As anyone with a Twitter or Facebook account will know, the internet isn’t always the most friendly or reasonable place.
But this hasn’t deterred Warwickshire Police from joining the online community with its own Facebook and Twitter account. As you might expect, there are some who have relished the opportunity to comment on the police’s work – some with more reasonable arguments and attitudes than others.
Corporate communications officer Sarah Fox explained the police’s decision to take to Facebook and converse with the people they serve. She said: “If we don’t engage with people on the networks they use, we are missing opportunities to get our message across about policing and having our voice in that conversation. By being open, honest and transparent, we can foster relationships with communities. Social media allows us to respond in real-time to people to let them know what’s happening in their area, dispel rumours and provide useful safety advice.

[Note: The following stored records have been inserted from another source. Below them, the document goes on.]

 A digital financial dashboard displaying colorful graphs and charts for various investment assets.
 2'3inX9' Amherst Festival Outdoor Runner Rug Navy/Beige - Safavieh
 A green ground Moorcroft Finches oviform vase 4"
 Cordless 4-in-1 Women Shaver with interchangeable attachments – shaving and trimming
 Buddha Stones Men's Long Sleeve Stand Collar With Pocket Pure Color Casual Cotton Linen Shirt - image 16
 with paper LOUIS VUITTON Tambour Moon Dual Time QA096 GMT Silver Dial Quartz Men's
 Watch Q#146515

“The public will continue to converse on social media, with or without us, and we would much prefer to be an active participant!”

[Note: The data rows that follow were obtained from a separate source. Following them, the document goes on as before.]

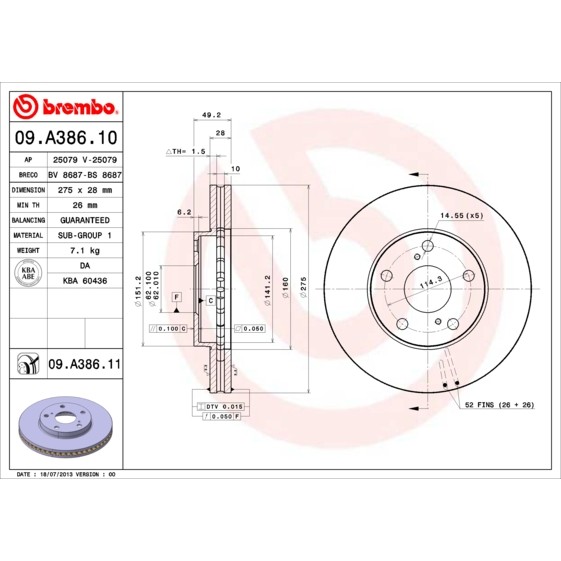 Слика на кочионен диск BREMBO COATED DISC LINE 09.A386.11 за Toyota Avensis Verso (ACM2) 2.4 VVTi GLS - 156 коњи бензин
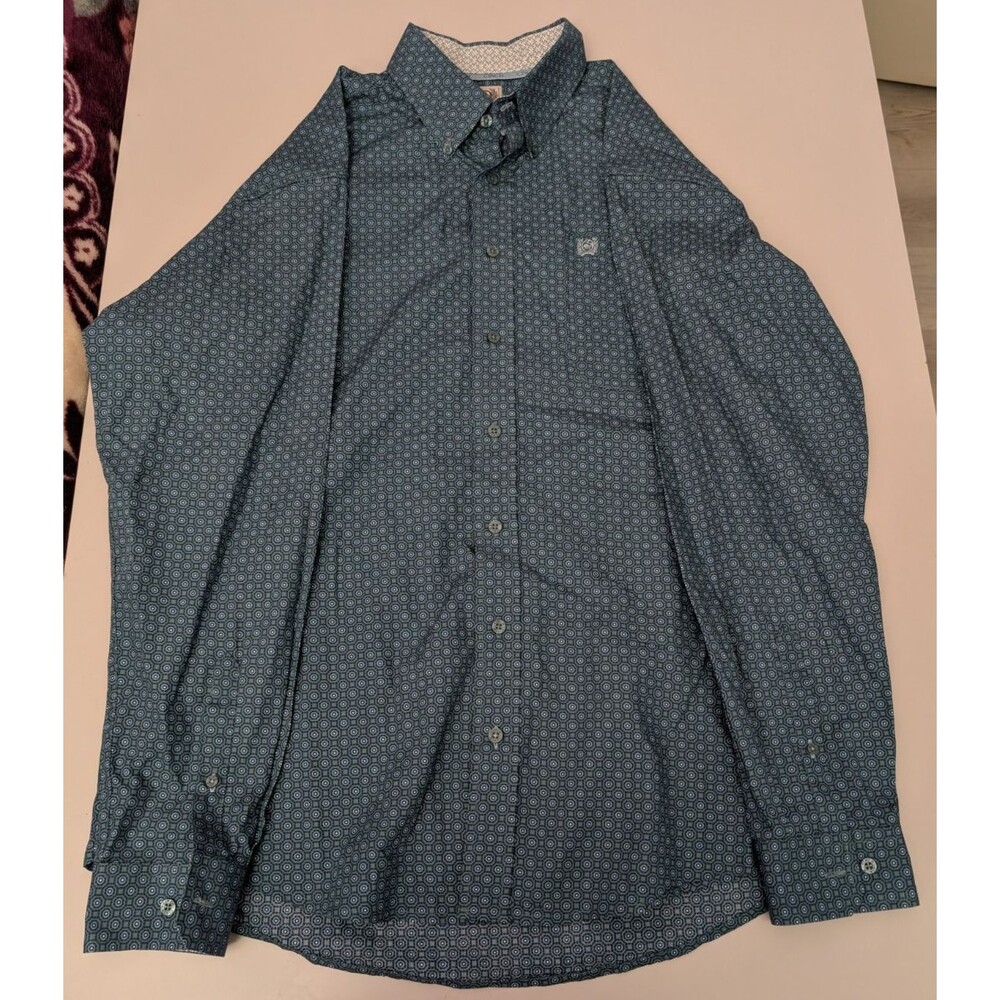 CINCH Men M Western Button Up Shirt MTW1105890 Blue Teal Geometric Medallion LS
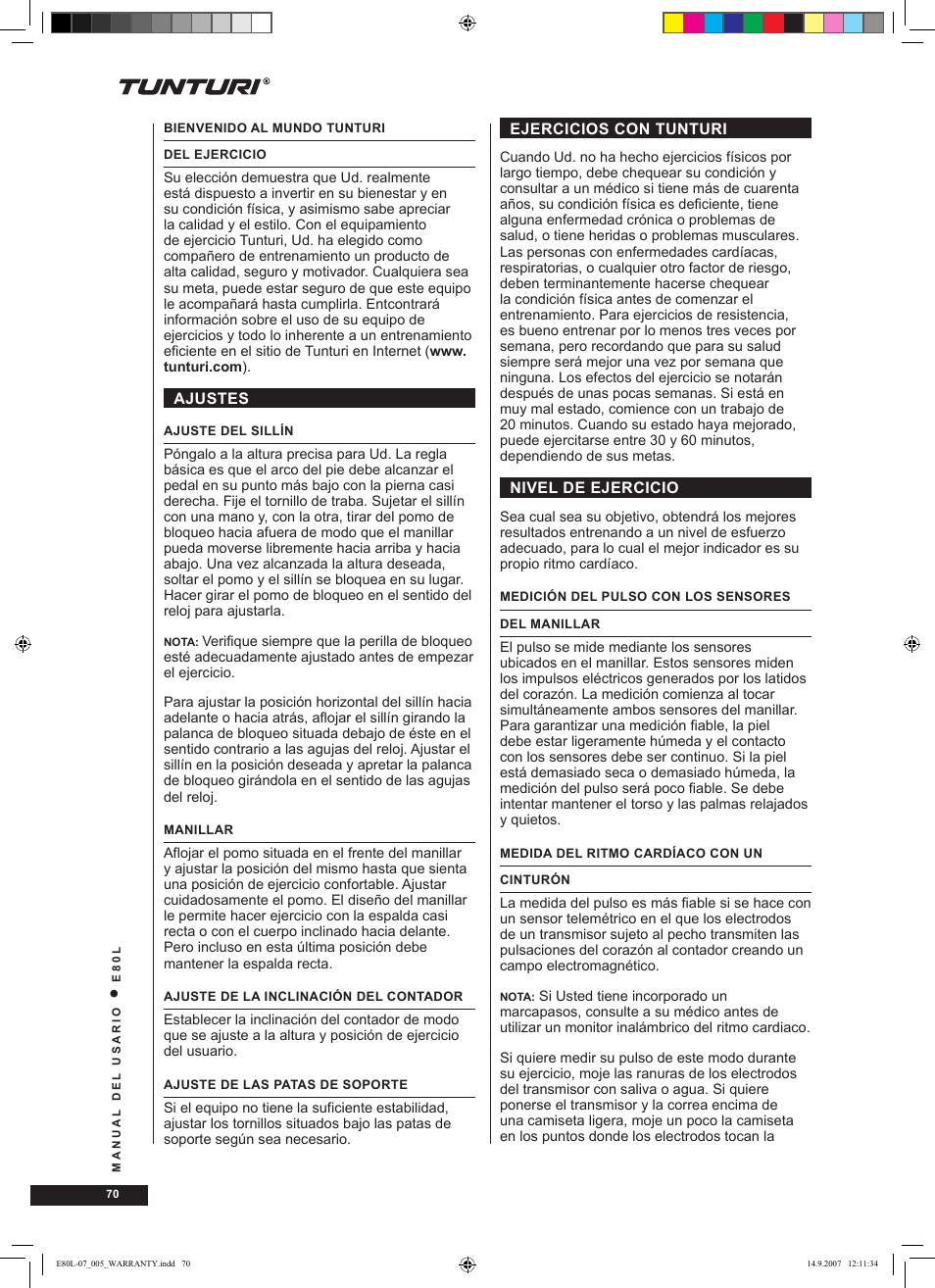 Tunturi E80L User Manual | Page 70 / 114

The nature of Warwickshire Police’s work often mean that occasionally users use inflammatory or insulting remarks about the organisation.
Sarah added: “Like any online public forum, there can be challenges but, in the most part, people do follow our house rules. Often, if someone is being unreasonable or rude, our other Facebook fans are quick to challenge this themselves, but we step in when we have to.”

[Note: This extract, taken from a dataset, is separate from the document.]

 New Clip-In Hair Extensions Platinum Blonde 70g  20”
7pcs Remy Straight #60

So, how hard is it to cope when people do start being rude or confrontational? Sarah said: “Everyone is entitled to their opinions, and provided they don’t breach our house rules, we have no problem with people engaging with us about issues they may have with policing or the law in general Often these are based on misconceptions, which are happy to correct, but sometimes we simply have to agree to disagree. We aim to be open and honest in our engagements and that includes listening and responding to feedback from the public - whether that’s positive or negative.”
So far the approached is considered a success by police. The online media pages have allowed the police to share vital information with tens-of-thousands of people who otherwise wouldn’t be connected with the police.
Sarah said: “Facebook and Twitter work really well for us when we have appeals for witnesses or when we are looking for missing persons. For example when a 16-year-old boy went missing from Ryton-upon-Dunsmore back in April this status update reached nearly 70,000 people and the information was shared 775 times. Currently an appeal to locate a missing 16-year-old boy from Bedworth has been viewed by 22,000 people.”